Het college heeft in het verweerschrift toegelicht dat de betalingen die op de door appellant overgelegde lijsten zijn vermeld, periodieke uitbetalingen zijn van bijzondere bijstand, waarbij de oorspronkelijke toekenning vóór 1 april 2011 lag. Een behandeling bij een orthodontist duurt meestal 24-36 maanden, soms zelfs een stuk langer. Als gedurende dit traject een nota wordt ingediend, wordt op basis van de oorspronkelijke toekenning bijzondere bijstand toegekend. Ook kan er op basis van dringende redenen sprake zijn geweest van enkele nieuwe toekenningen na april 2011.
4.3.4.
Uit 4.3.2 en 4.3.3 volgt dat het beroep op het gelijkheidsbeginsel niet slaagt. Het college heeft in zijn toelichting een aannemelijke verklaring gegeven voor de betalingen van bijzondere bijstand voor kosten van orthodontie na 1 april 2011. Uit de toelichting blijkt dat de gevallen waarin bijzondere bijstand is verleend als vermeld op de lijsten over 2012 en 2013, in hier relevant te achten opzicht met dat van appellant verschillen. Appellant heeft niet op deze toelichting van het college gereageerd. Appellant heeft dan ook niet aannemelijk gemaakt dat zijn geval gelijk is aan de op de lijsten vermelde gevallen. Hieruit blijkt eveneens dat het college zijn beleid, zoals dat gold tot 1 april 2011, nadien niet feitelijk heeft voortgezet, zoals appellant heeft betoogd.
4.4.
Uit 4.2 en 4.3 volgt dat het hoger beroep niet slaagt, zodat de aangevallen uitspraak moet worden bevestigd.

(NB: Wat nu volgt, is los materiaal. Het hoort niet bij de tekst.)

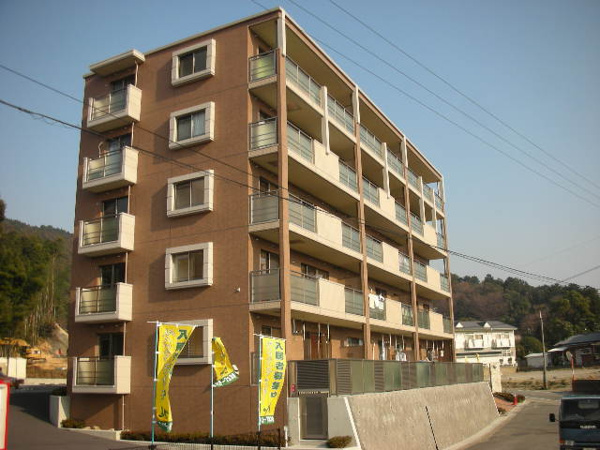 ニューベリーヒルズ空港南の画像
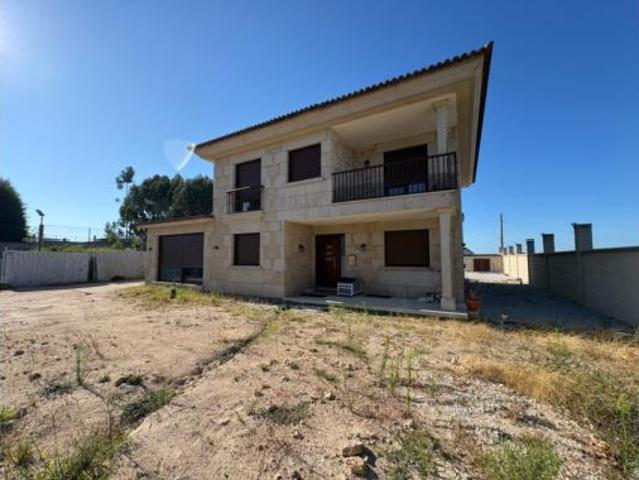 Chalet en venta en Vilanova de Arousa, O Salnés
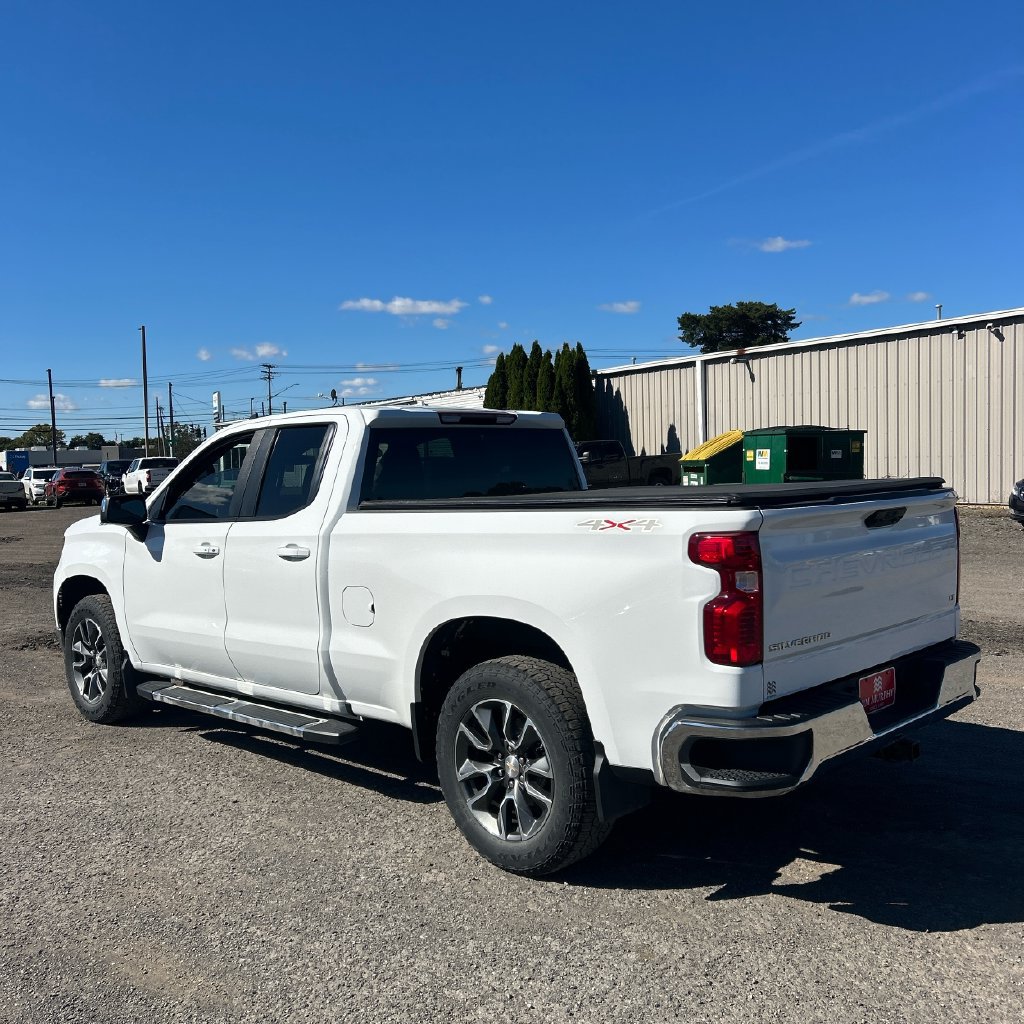Used 2023 Chevrolet Silverado 1500 LT AWD/4WD image 4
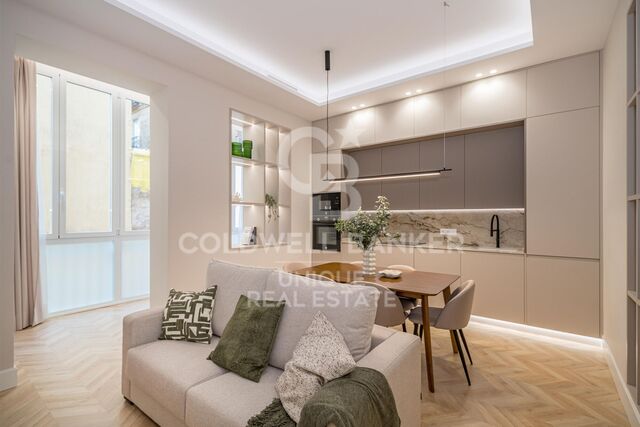 Magnificent flat for sale in Castellana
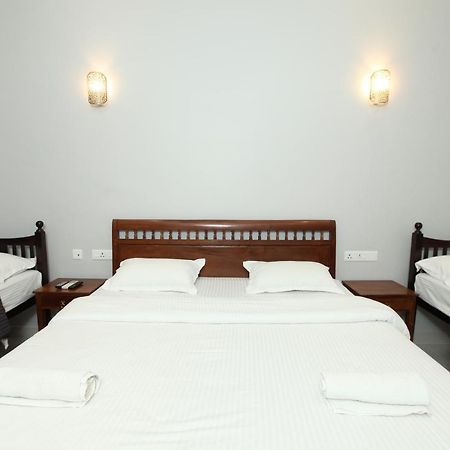 Le Windfall Luxury Puducherry Buitenkant foto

5. Voor een veroordeling in de proceskosten bestaat geen aanleiding.

BESLISSING

De Centrale Raad van Beroep bevestigt de aangevallen uitspraak.
Deze uitspraak is gedaan door W.F. Claessens als voorzitter en G.M.G. Hink en
J.T.H. Zimmerman als leden, in tegenwoordigheid van M.S. Spek als griffier. De beslissing is uitgesproken in het openbaar op 22 maart 2016.